Everything from the line that contains "Musselin Kleid Lang" to the final line of the data, both ends included, must be set down exactly, apart from the pictures.

Input data:
──────

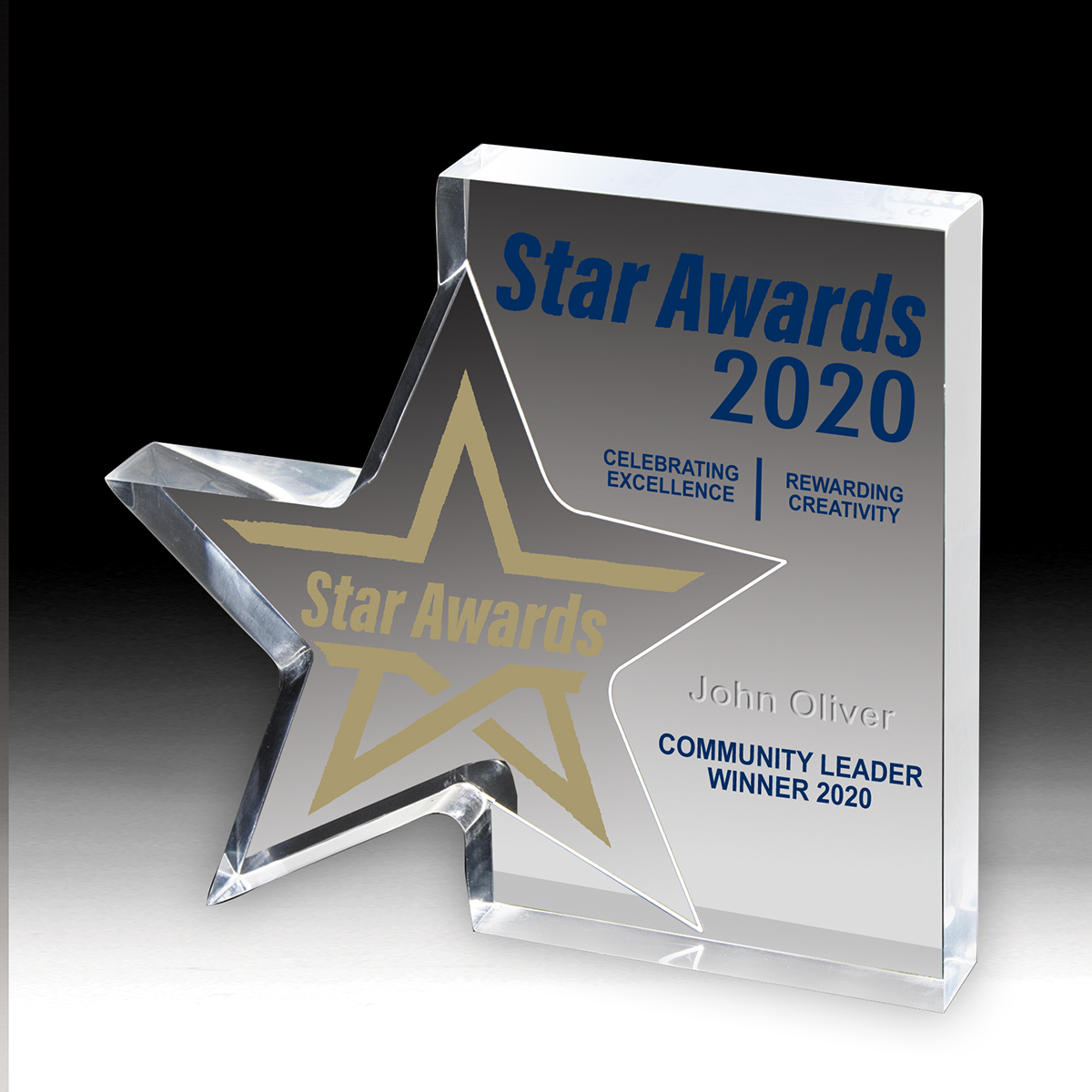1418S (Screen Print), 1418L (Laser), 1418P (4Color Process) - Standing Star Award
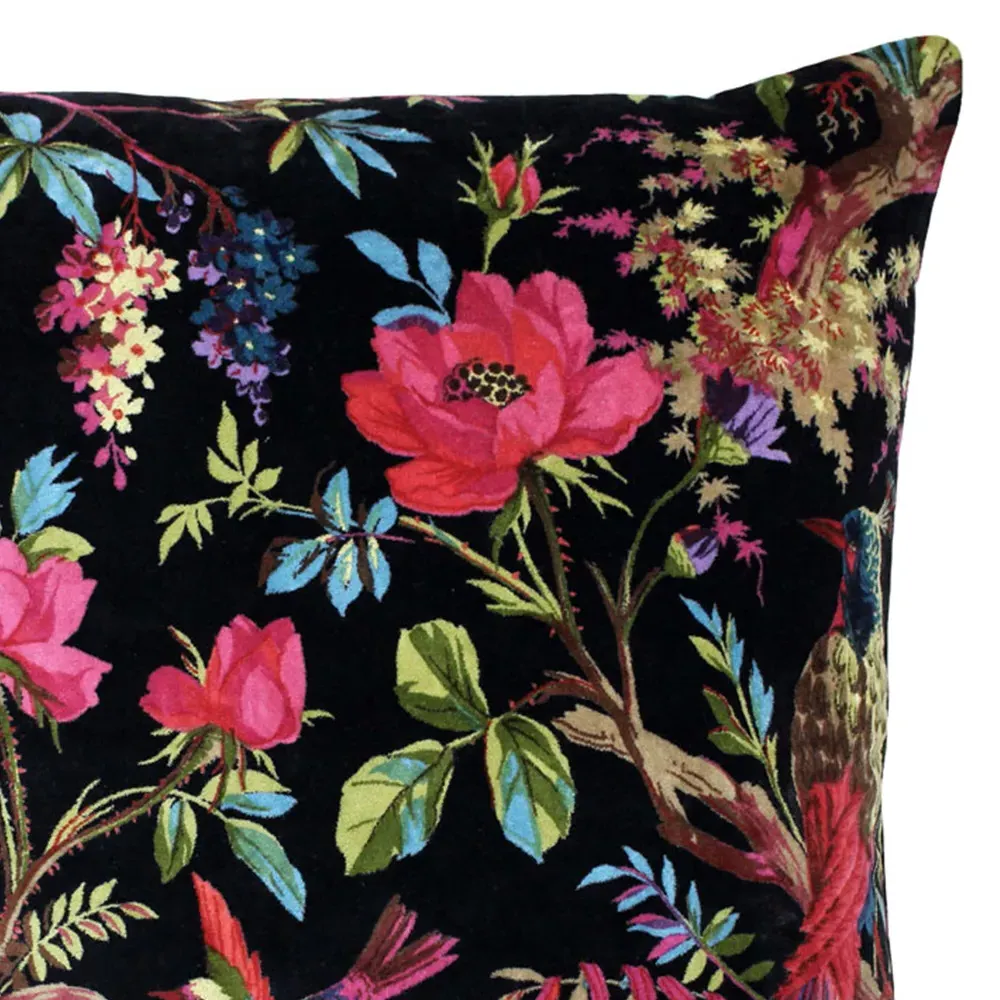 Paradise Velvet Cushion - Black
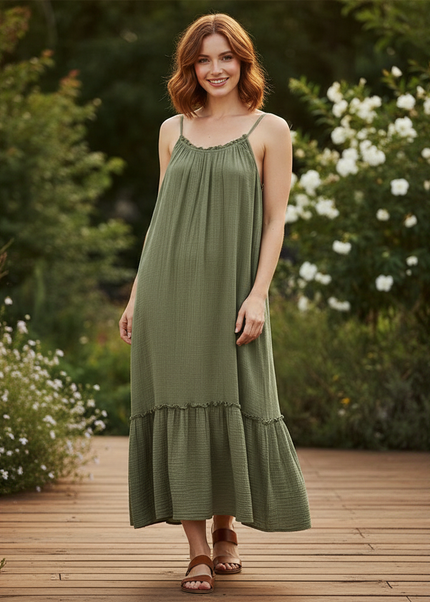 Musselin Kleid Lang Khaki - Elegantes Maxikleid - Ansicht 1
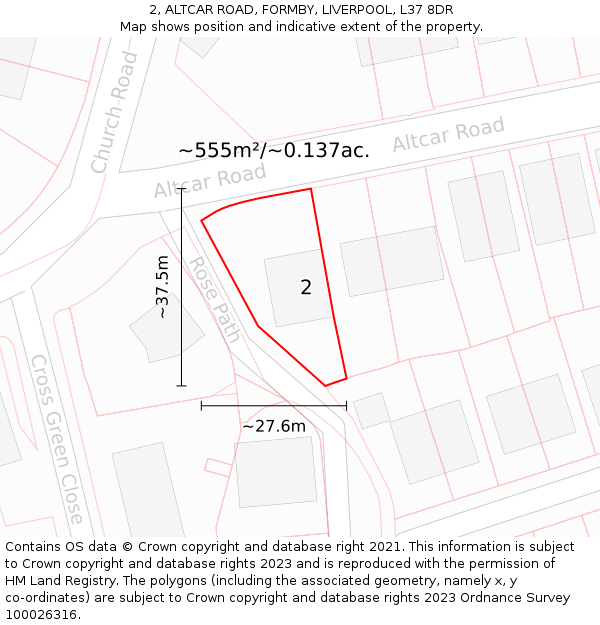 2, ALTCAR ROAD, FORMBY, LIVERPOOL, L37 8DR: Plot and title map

──────

Response for this exercise:
 Musselin Kleid Lang Khaki - Elegantes Maxikleid - Ansicht 1
 2, ALTCAR ROAD, FORMBY, LIVERPOOL, L37 8DR: Plot and title map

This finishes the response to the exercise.